When word of the strike reached drivers at the Nyanga terminus, a Golden Arrow bus was set alight while commuters were inside. Daily Maverick could not establish whether anyone was injured in the attack.

As the violence escalated and commuters struggled to get home, city officials and the taxi industry appeared to double down on their positions.


“In the last two hours, we have responded to a blockade of the N2 by taxi drivers, numerous vehicles being set alight and sporadic incidents of stone-throwing,” said Mayoral Committee Member for Safety and Security JP Smith on Thursday evening.

taxi strike

Commuters help push a child through a bus window after the taxi strike began in Cape Town on Thursday, 3 August 2023. (Photo: Shelley Christians)

“This includes petrol bomb attacks on four buses, three trucks and three panelvans or bakkies, as well as an ambulance. We also saw a Coca-Cola truck looted and an attack on a school.

“These actions speak of thuggery, criminality and contempt for the safety of all commuters and road users. These shameful and cowardly acts must be placed before the leadership of Santaco and the taxi associations involved.”

Smith said he had been asked by Mayor Geordin Hill-Lewis to ensure that the violence caused by some in the public transport sector was met with an appropriate response and to remind the taxi industry that “we will proceed with impounding 25 vehicles for every truck, bus, vehicle or facility that is burnt or vandalised”.

The mayor condemned the lawlessness associated with the strike and said the city, with the Western Cape government, was in the process of seeking an urgent interdict against the violence.

“While we respect the right to peaceful protest, violence and intimidation have no place in Cape Town. City authorities are on high alert and we will not accept the blockading of routes and violent intimidation of peaceful commuters and non-striking transport operators.”

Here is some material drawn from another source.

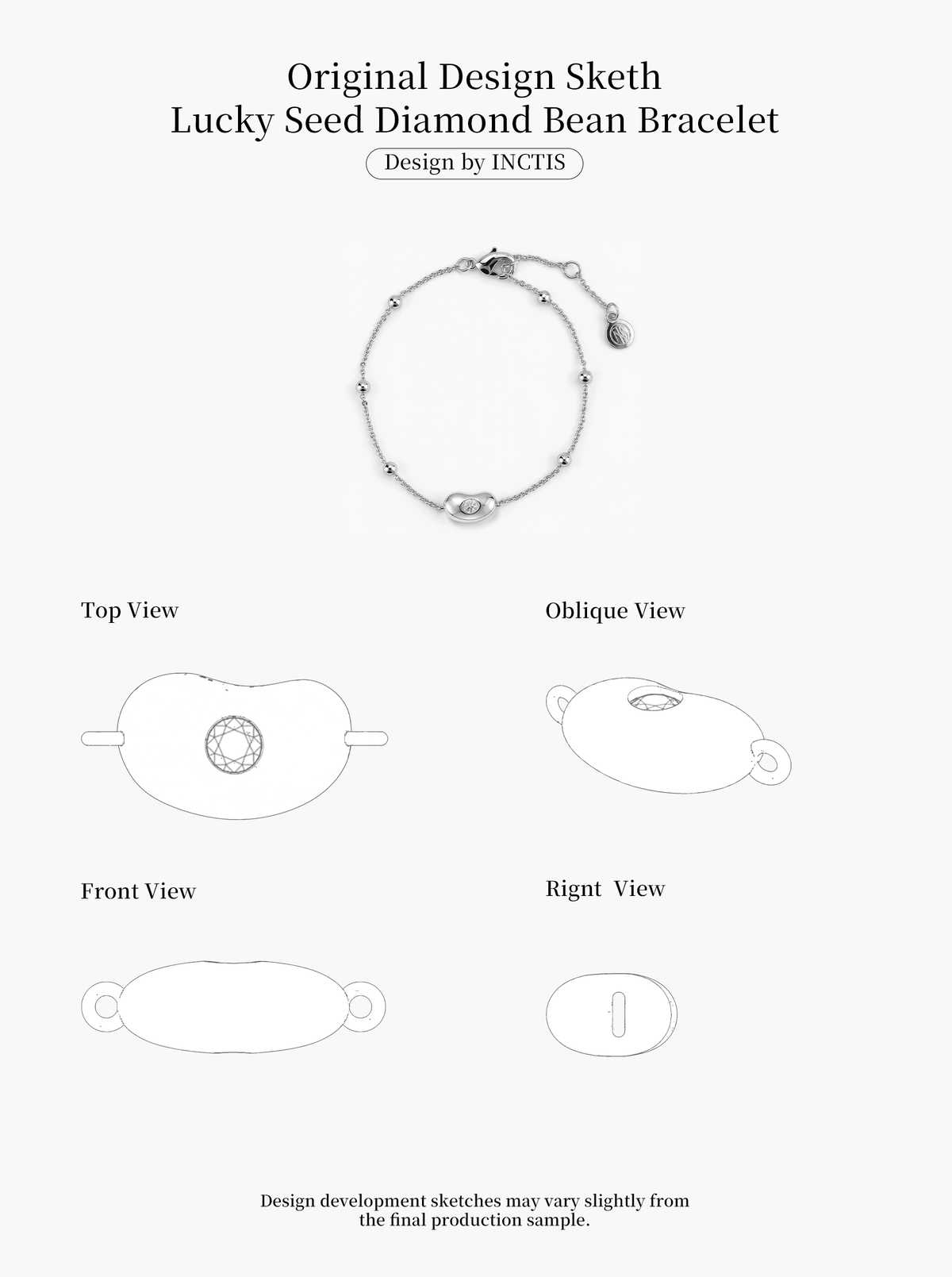 LUCKY SEED DIAMOND BEAN BRACELET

Hill-Lewis also questioned why Police Minister Bheki Cele had attended Santaco’s meeting in Makhaza on Thursday.

taxi strike

The shadows of commuters fall on a bus as the sun begins to set in Cape Town, with thousands not knowing how they will make it home. (Photo: Shelley Christians)

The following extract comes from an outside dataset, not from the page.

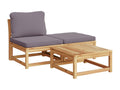 Salon de jardin avec coussins 5 pcs Bois d'Boisona solide UVXH22511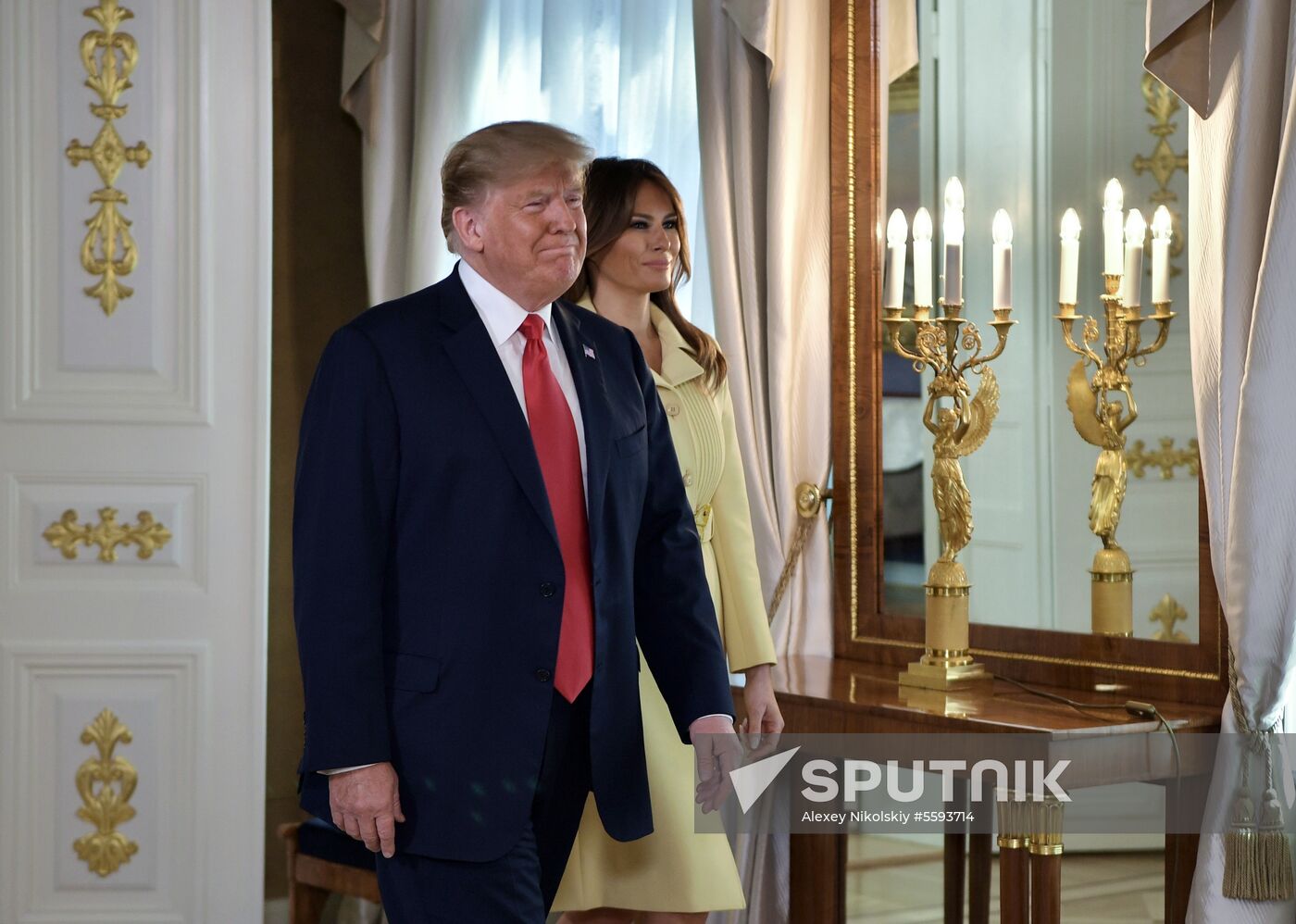 Russian President Vladimir Putin and US President Donald Trump meet in Helsinki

“I am further concerned that this afternoon’s violence follows Police Minister Bheki Cele’s involvement in industry strike action talks today despite not being constitutionally responsible for transport. That a minister in government responsible for policing could convene a meeting with the taxi industry that results in a strike call, knowing full well this will lead to violence, is unacceptable,” Hill-Lewis said.

At the time of writing, Cele’s spokesperson had not responded to a request for comment on why he attended the meeting and what was discussed.

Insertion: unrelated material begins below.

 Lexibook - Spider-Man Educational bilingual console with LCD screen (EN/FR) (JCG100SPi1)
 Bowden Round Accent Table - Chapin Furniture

Simmering tensions reach boiling point

Tensions between the City of Cape Town and taxi operators have been simmering over a new by-law, which gives the municipality the power to impound vehicles rather than fining drivers for offences such as not displaying registration plates, being unlicensed, overloading and the failure to stop when instructed to do so by an officer.

taxi strike

Buses accommodated some stranded taxi passengers as the SA National Taxi Council halted minibus taxi operations. (Photo: Shelley Christians)

Under the National Road Traffic Act, licensed drivers who aren’t carrying their licences are simply issued with a fine and allowed to continue driving. However, under the traffic by-law, the City of Cape Town will still issue unlicensed drivers with a fine — but will also impound the vehicle.

On Tuesday, the SAPS Public Order Policing Unit had to be called in when taxi operators clashed with city traffic officials who tried to enforce the new by-law. On Wednesday, a taxi driver was shot by a traffic official during a scuffle in Philippi.

Read more in Daily Maverick: Tension boils over after Cape Town traffic officer shoots taxi driver in wake of new municipal by-law

Following the shooting, Santaco withdrew from engagements with the Minibus Taxi Task Team, a forum which includes the taxi industry, the City of Cape Town and the Western Cape government, and is aimed at finding common ground between the parties.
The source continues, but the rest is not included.